INPUT →
★ ★ ★ ★

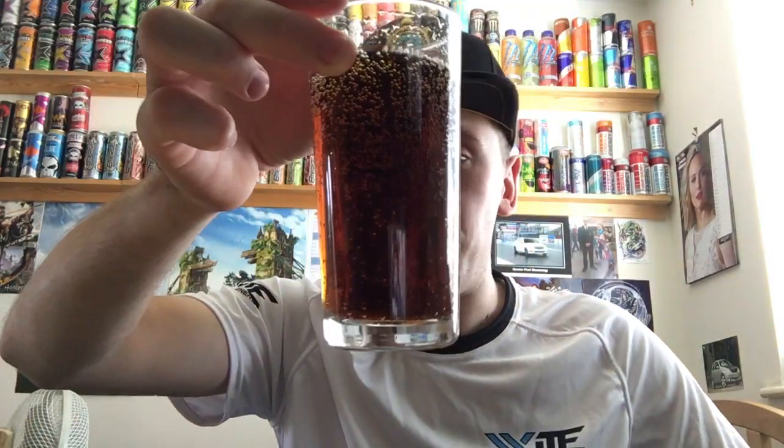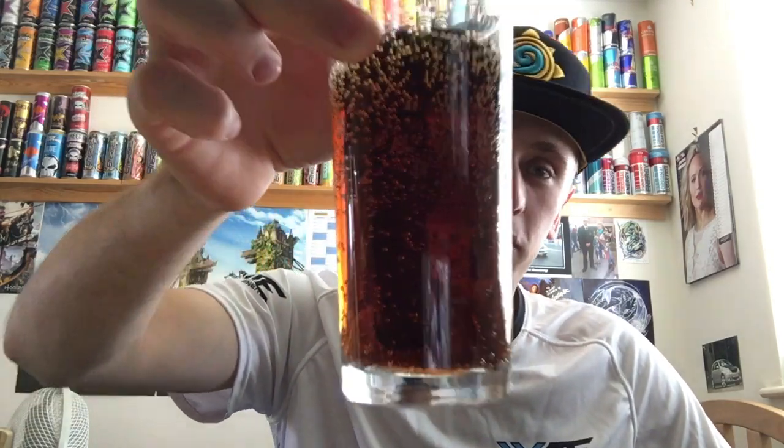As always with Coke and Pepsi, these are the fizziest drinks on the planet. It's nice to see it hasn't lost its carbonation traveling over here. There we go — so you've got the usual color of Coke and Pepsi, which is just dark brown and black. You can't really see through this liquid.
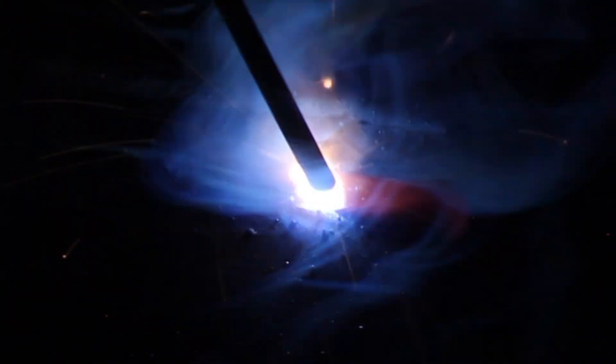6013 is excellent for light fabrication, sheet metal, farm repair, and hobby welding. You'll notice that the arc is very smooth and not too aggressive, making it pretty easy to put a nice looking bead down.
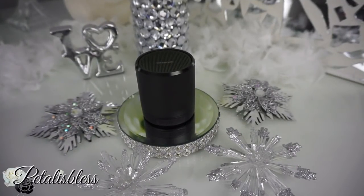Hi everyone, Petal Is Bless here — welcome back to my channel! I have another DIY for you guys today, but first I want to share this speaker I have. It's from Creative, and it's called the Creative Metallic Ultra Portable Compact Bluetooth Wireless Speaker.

★ ★ ★ ★

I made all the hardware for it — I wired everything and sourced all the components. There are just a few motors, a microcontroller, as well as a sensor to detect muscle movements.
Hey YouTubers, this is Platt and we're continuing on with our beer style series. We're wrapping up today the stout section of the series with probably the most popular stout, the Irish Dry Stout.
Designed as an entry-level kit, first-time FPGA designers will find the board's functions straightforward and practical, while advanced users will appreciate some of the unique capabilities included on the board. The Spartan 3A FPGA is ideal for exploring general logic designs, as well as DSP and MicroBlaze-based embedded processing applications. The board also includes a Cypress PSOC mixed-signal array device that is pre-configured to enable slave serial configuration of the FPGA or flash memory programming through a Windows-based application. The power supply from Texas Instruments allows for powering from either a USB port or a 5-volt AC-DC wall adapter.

★ ★ ★ ★

EXERCISE →
Everything in the material above from the line that has "Hey YouTubers, this" through the line that has "Designed as an" must be duplicated exactly, with no other lines given.

OUTPUT OF THE EXERCISE →
Hey YouTubers, this is Platt and we're continuing on with our beer style series. We're wrapping up today the stout section of the series with probably the most popular stout, the Irish Dry Stout.
Designed as an entry-level kit, first-time FPGA designers will find the board's functions straightforward and practical, while advanced users will appreciate some of the unique capabilities included on the board. The Spartan 3A FPGA is ideal for exploring general logic designs, as well as DSP and MicroBlaze-based embedded processing applications. The board also includes a Cypress PSOC mixed-signal array device that is pre-configured to enable slave serial configuration of the FPGA or flash memory programming through a Windows-based application. The power supply from Texas Instruments allows for powering from either a USB port or a 5-volt AC-DC wall adapter.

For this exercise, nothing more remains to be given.